The LCAO approach is a MO-theory approach to solving the SE atomic/molecular systems. The best books for learning MO-theory are Elementary Methods Of Molecular Quantum Mechanics (Magnasco) and Modern Quantum Chemistry Intro to Advanced Electronic Structure Theory (Szabo). What exactly don't you understand about the H2+ model?

modey3

5. Jan 17, 2010

### cgk

The best overview over current techniques in quantum chemistry is "Molecular Electronic-Structure Theory" by Helgaker, Jörgensen and Olsen.

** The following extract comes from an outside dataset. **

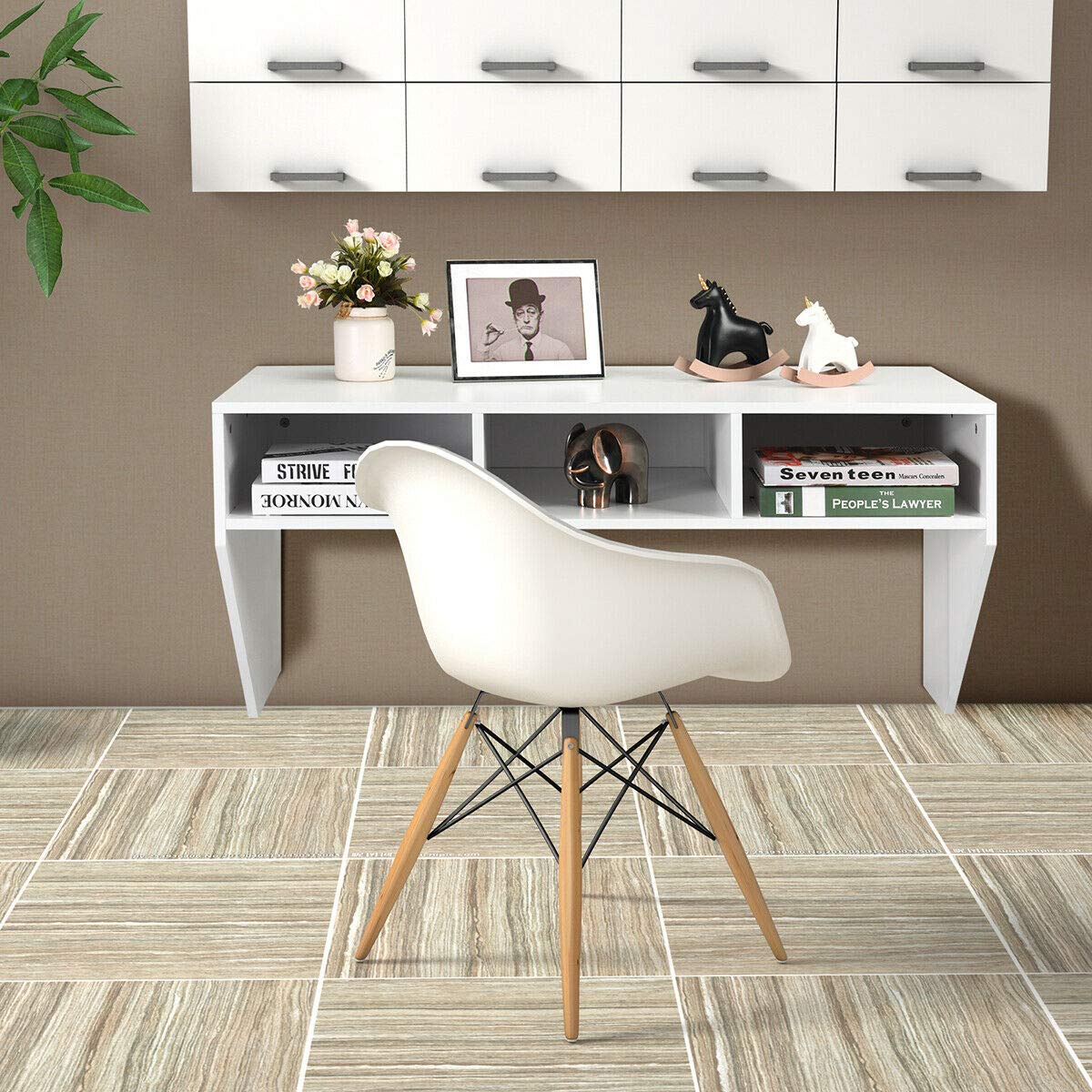 Wall Mounted Floating Desk with Storage Shelf - Space Saving Computer Table for Home Office, Living Room & Bedroom - White Home Office Furniture (Perfect for Small Spaces & Modern Interior Design)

About "LCAO": The term "LCAO" should not be understood too literally. "Atomic orbitals" in the modern terminology are simply any kind of local basis functions placed on atoms. Some of the functions in a basis set are actually built to resemble atomic orbitals (i.e., solutions of the Hartree-Fock equations for atoms), but most are not.

A "molecular orbital" is then a one-particle function satisfying some kind of mean-field one-particle Schrödinger equation (usually the Hartree-Fock equation, or the Kohn-Sham equation). Molecular orbitals are typically expanded as linear combination of non-orthogonal local basis functions like this:
$$\phi_r(\vec x) = \sum_{\mu} C^\mu_r \phi_\mu(\vec x),$$
where $$r$$ indexes the molecular orbitals (occupied or virtual) and $$\mu$$ the basis functions (which are often called atomic orbitals''), and $$C^\mu_r$$ is the orbital coefficient matrix.
This matrix is what is actually determined in a calculation of orbitals (like Hartree-Fock or Kohn-Sham).

If doing wave function methods, these orbitals are then used as input for a so called correlation calculation'' (e.g., some coupled cluster method), in which accurate wave functions are determined based on the Hartree-Fock wave function as a initial approximation to the electronic structure of the system.
The orbitals themselves usually do not have any strict physical interpretation. The most one can hope to get from them are (unimpressive) ionization energies via Koopman's theorem.